*INSTRUCTIONS TO FOLLOW*. Return exactly, please, the lines from the one containing "Ручка шариковая Parker" to the last line of the entries below, and nothing else, leaving pictures out.

Records excerpted from a collection
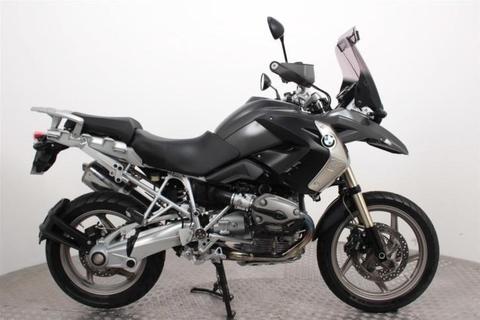 BMW R 1200 GS ABS (bj 2008)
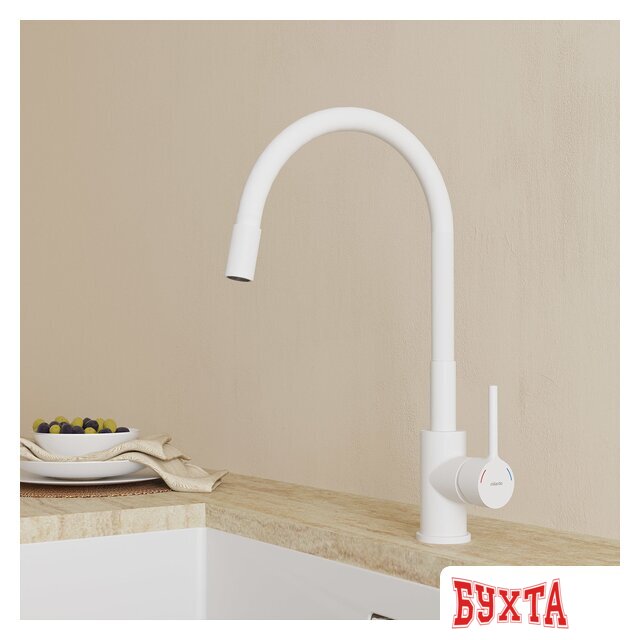 Смеситель Milardo Meal M01WT0FM05 3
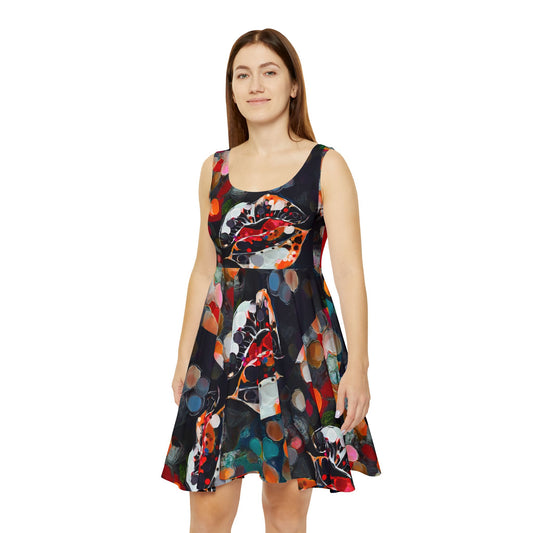 Women's Skater Dress (AOP)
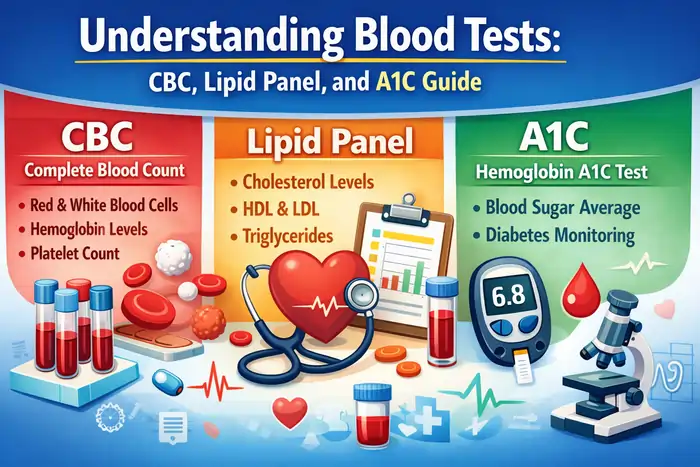 Understanding Blood Tests
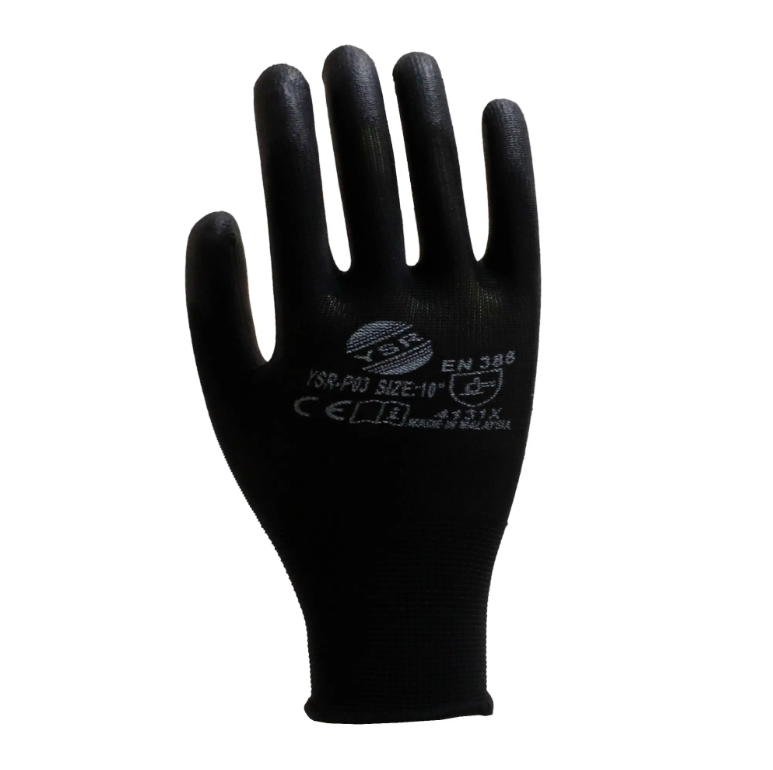 Ysr Pu Nitril Eldiven Ysr-p03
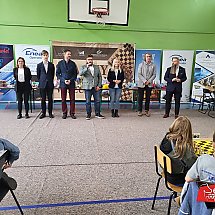 Galeria - Enea Operator Międzyszkolna Liga Szachowa, Szubin, 26 października 2024 r./fot. Edukacja przez szachy 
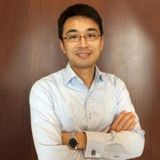 Photo of Lance Liu, Ping An Ventures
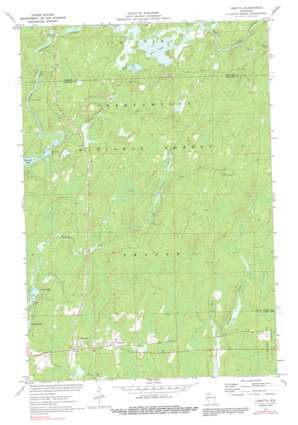 Loretta USGS topographic map 45090h7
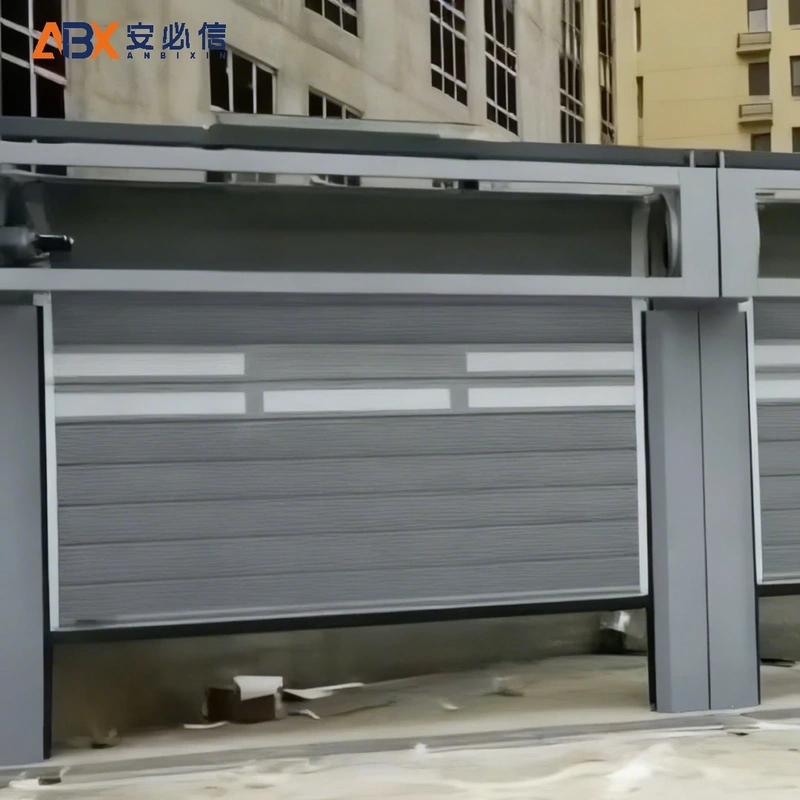 许昌市消防快速门
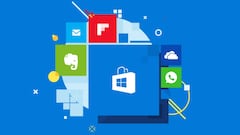 Estos son los cambios que recibirá la Tienda de Windows 10 con la Fall Creators Update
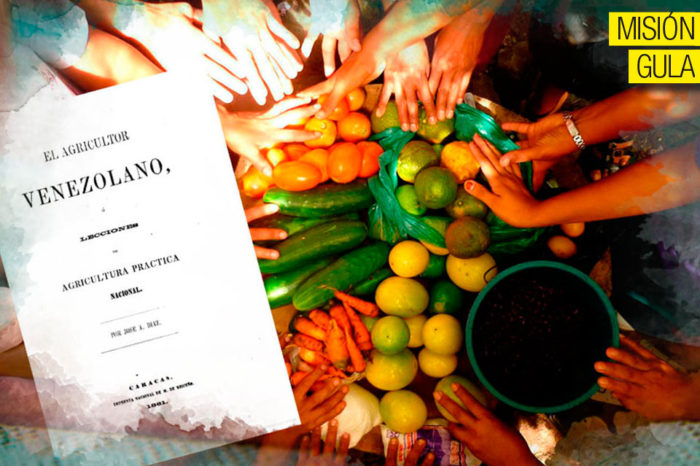 El precursor de la seguridad alimentaria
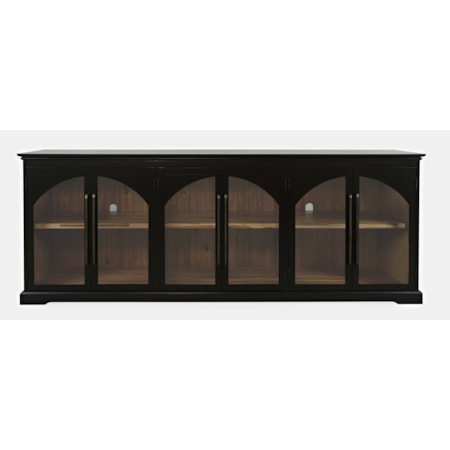 Archdale 6 Door Accent Cabinet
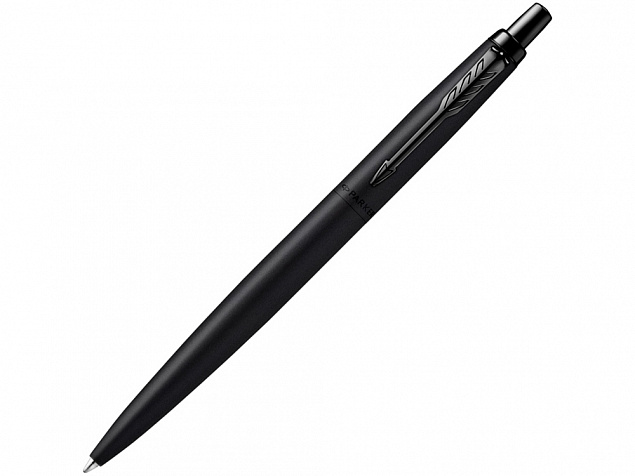 Ручка шариковая Parker Jotter XL Mono Black BT с логотипом в Белгороде заказать по выгодной цене в кибермаркете AvroraStore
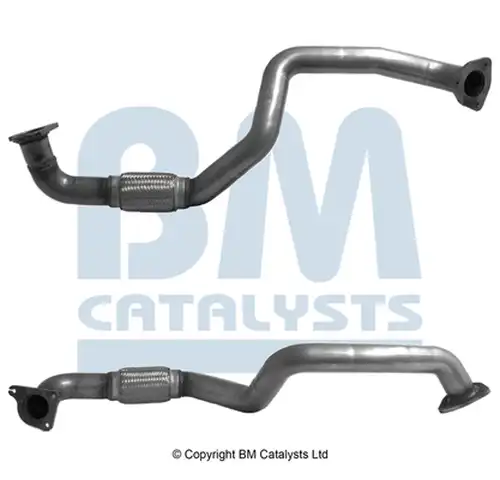 изпускателна тръба BM CATALYSTS BM50750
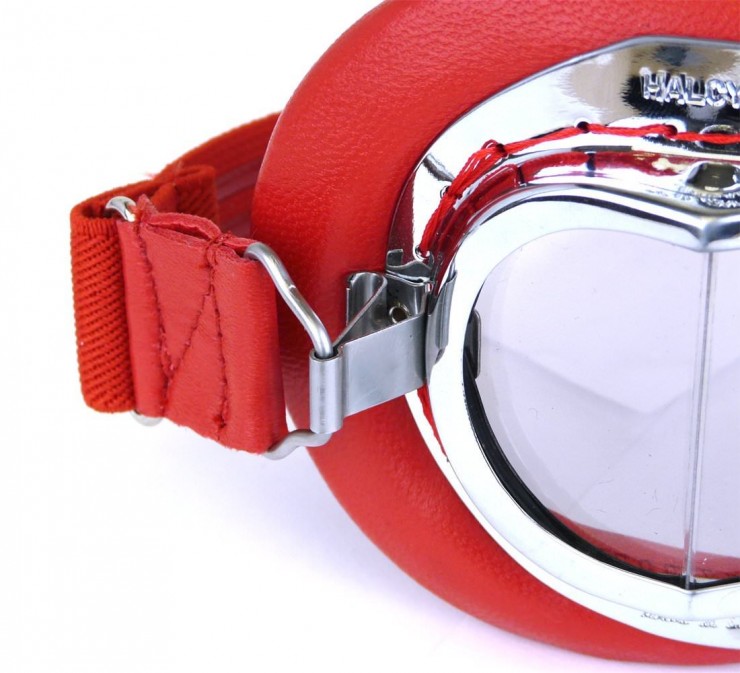 Halcyon MK49 Goggles Details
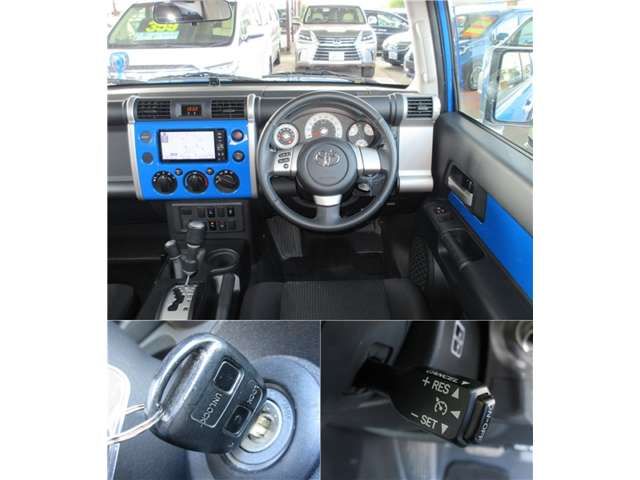 Toyota FJ CRUISER 2011-07 190286-13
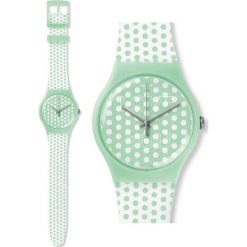 Zegarek SWATCH Zegarek damski Swatch SUOG108. Szare zegarki damskie marki Swatch. Za 221,82 zł.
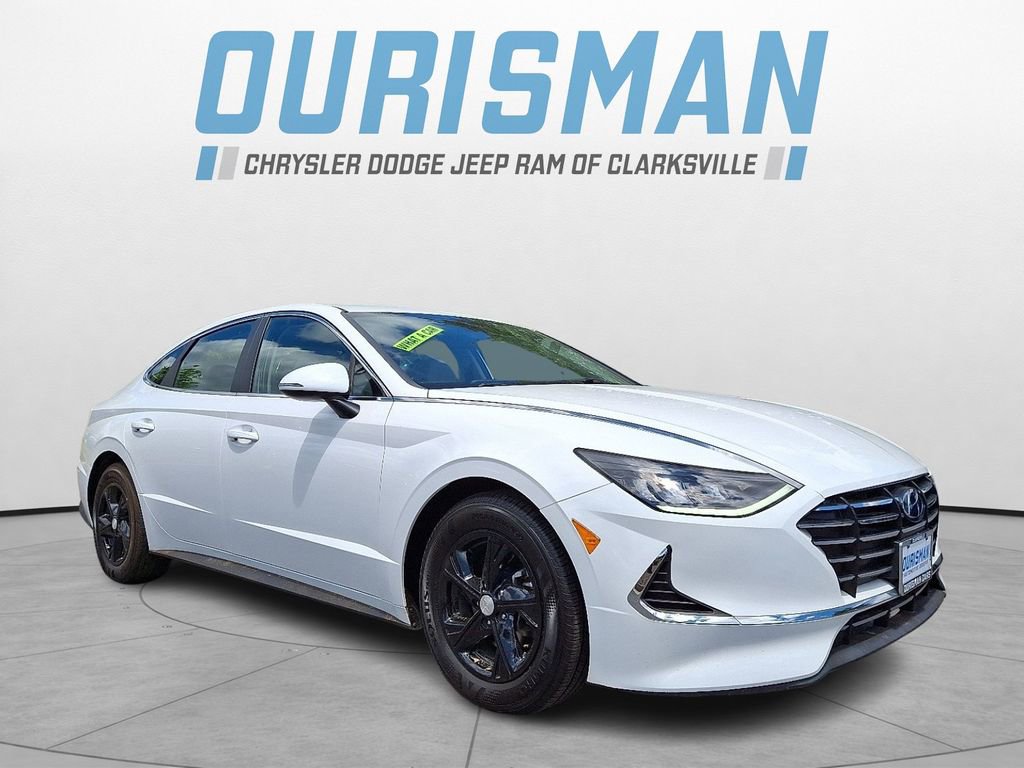 Used 2023 Hyundai Sonata SE FWD image 1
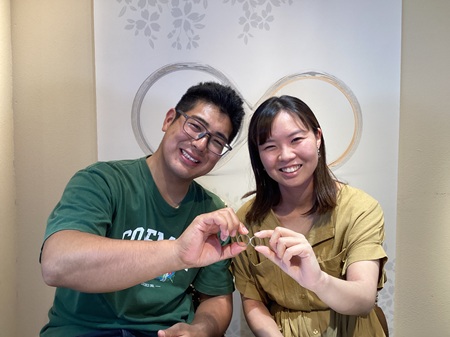 結婚指輪【雪銀花】 | 杢目金屋 お客様の声(34,000件)クチコミ・評判一覧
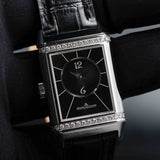 JAEGER LECOULTRE Reverso Classic Medium Duet Q2588420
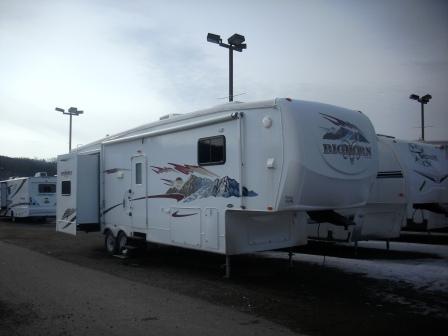 2007 Heartland Bighorn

*SOLUTION TO THIS PROBLEM*.
 Ручка шариковая Parker Jotter XL Mono Black BT с логотипом в Белгороде заказать по выгодной цене в кибермаркете AvroraStore
 изпускателна тръба BM CATALYSTS BM50750
 Halcyon MK49 Goggles Details
 Toyota FJ CRUISER 2011-07 190286-13
 Zegarek SWATCH Zegarek damski Swatch SUOG108. Szare zegarki damskie marki Swatch. Za 221,82 zł.
 Used 2023 Hyundai Sonata SE FWD image 1
 結婚指輪【雪銀花】 | 杢目金屋 お客様の声(34,000件)クチコミ・評判一覧
 JAEGER LECOULTRE Reverso Classic Medium Duet Q2588420
 2007 Heartland Bighorn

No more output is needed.